Patricia Ann Dorsey was far and away the top vote-getter for the Board of Education, followed by incumbent Bob Lord and Tara Battaglia. The top six vote getters move on. Rounding out the top six are Mary Kowalski, Ken Kiler and Doug Howard.

Carroll County Times staff reported from polling places throughout the day. Use the #CarrollPrimary18.


The polling place in Johnzie’s Lounge at Fairhaven, in Sykesville, is one of the smallest polling places according to its chief election judges, Brian Flickinger and Sue Podobnik, and it serves a special population — the residents of the Fairhaven assisted living facility and people living within a couple of blocks of it. At one point in the afternoon, an older Fairhaven resident in a wheelchair required the assistance of both Flickinger, the Democratic judge, and Podobnik, the Republican Judge, in getting his ballet filled out.

“Some voters here don’t have the motor skills to make a perfect circle, on those scantron tests,” Flickinger said, or they may have vision problems that necessitate another human being get involved — bipartisan assistance ensures those voters’ votes get counted as intended.

“I had a guy earlier today make the most beautiful check marks, but they don’t work in the scanner,” Flickinger said. “It’s completely clear to any human what he intends, but the machine just spits it out.”

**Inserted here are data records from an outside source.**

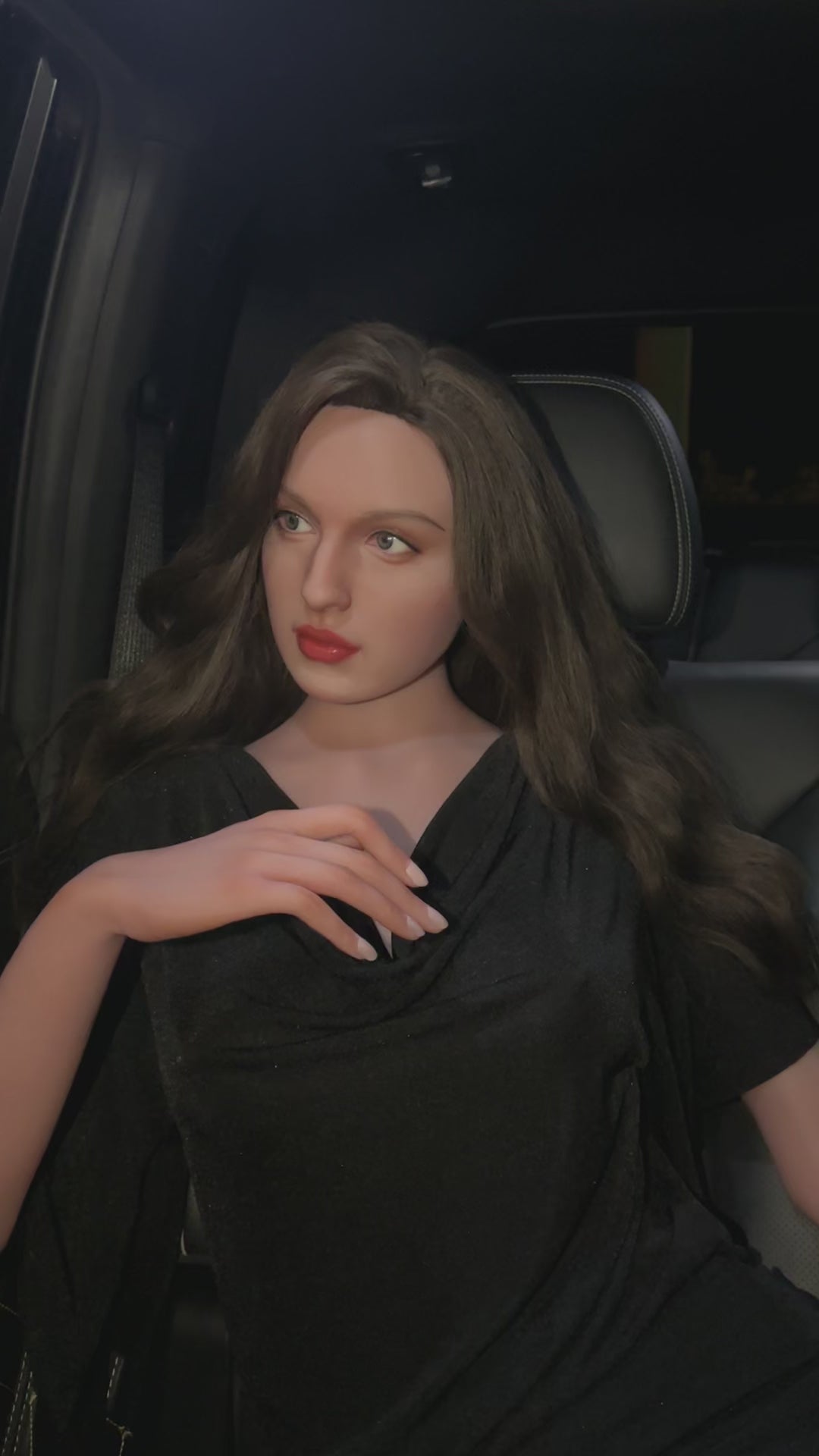 Gina sexdukke (Zelex 170 cm C-cup GE122-2 silikon)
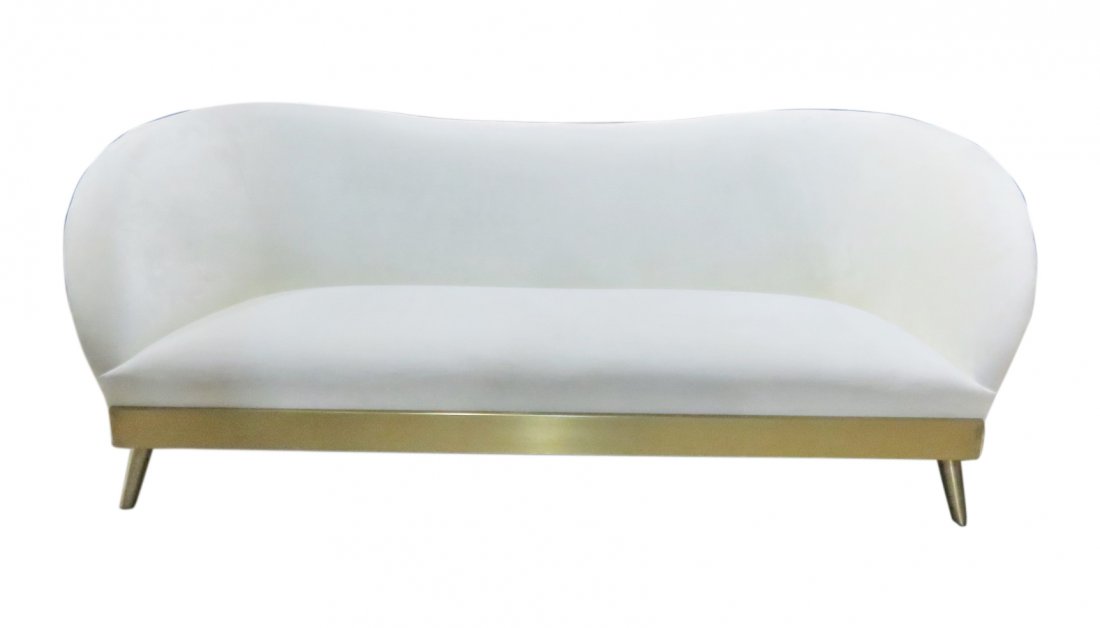 ITALIAN STYLE MID CENTURY MODERN SOFA (1 of 7)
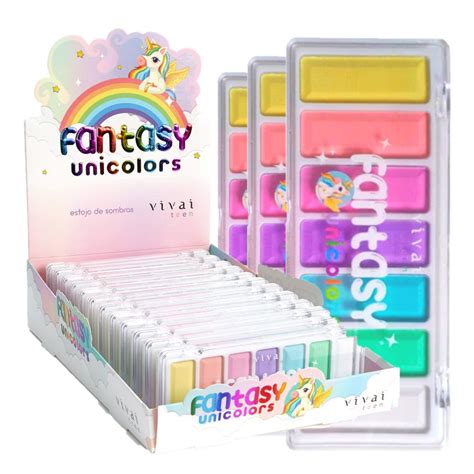 Vivai Paleta De Sombras Fantasy Unicolors Und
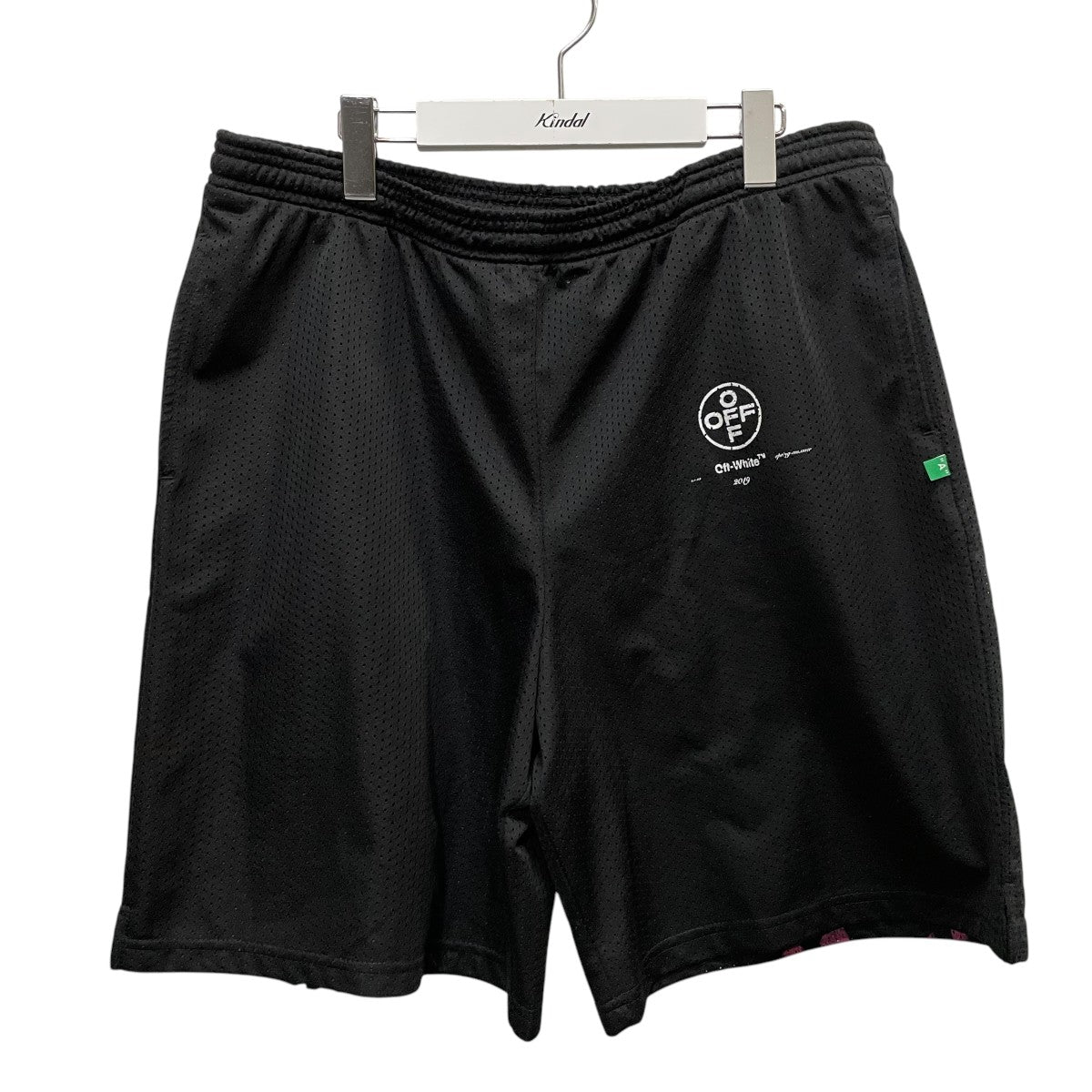 OFFWHITE ショートパンツOMCI005R19101015 古着・中古-1枚目のアイテム画像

Incumbent Judge Titus' former clerk, Katy McNally, came up to Pleasant Valley fire company Tuesday morning from Washington, D.C. to represent him at the June 26 primary election.

"I can't say too many great things about the man," she said sitting under an umbrella in the parking lot around 2 p.m. "I learned a lot, he is very fair. I wanted to make sure I supported him."

McNally was posted right next to Union Mills resident and Team Hogan electioneer Jason Sidock.


"The Adelaide folks, Ellin folks, everyone agreed that Judge Titus' would be the best choice," Sidock said.

The electioneers might disagree on other choices, he said, but the support for Titus was clear.

He also said, "I think Team Hogan is going to do very well," pointing to pamphlets in his hand and the names on his T-shirt under the hot sun.

By that time about eight percent of voters came to the fire station -- election staff expect 10 to 20 percent participation total by the end of the night.

Although it was about 80 degrees already around 2:30 p.m., an incident between electioneers turned up the heat for District 1 Commissioner Candidate Katherine Adelaide.

She said Incumbent Commissioner Stephen Wantz' electioneers reported her staff member Daniel Heisey for backstepping over the yellow line that keeps electioneers from getting too close to the polls. The mishap, she said, was an accident.


Heisey walked backwards while talking to someone when he allegedly stepped a few feet past the yellow line.

"It got politicized and it really shows a sense of entitlement by the incumbent," she said. "They don't want you to run, and if you do run there can be a real sense of entitlement.

"You have to appreciate what we have in America," said Adelaide. "We live in a free country still and this process is so important."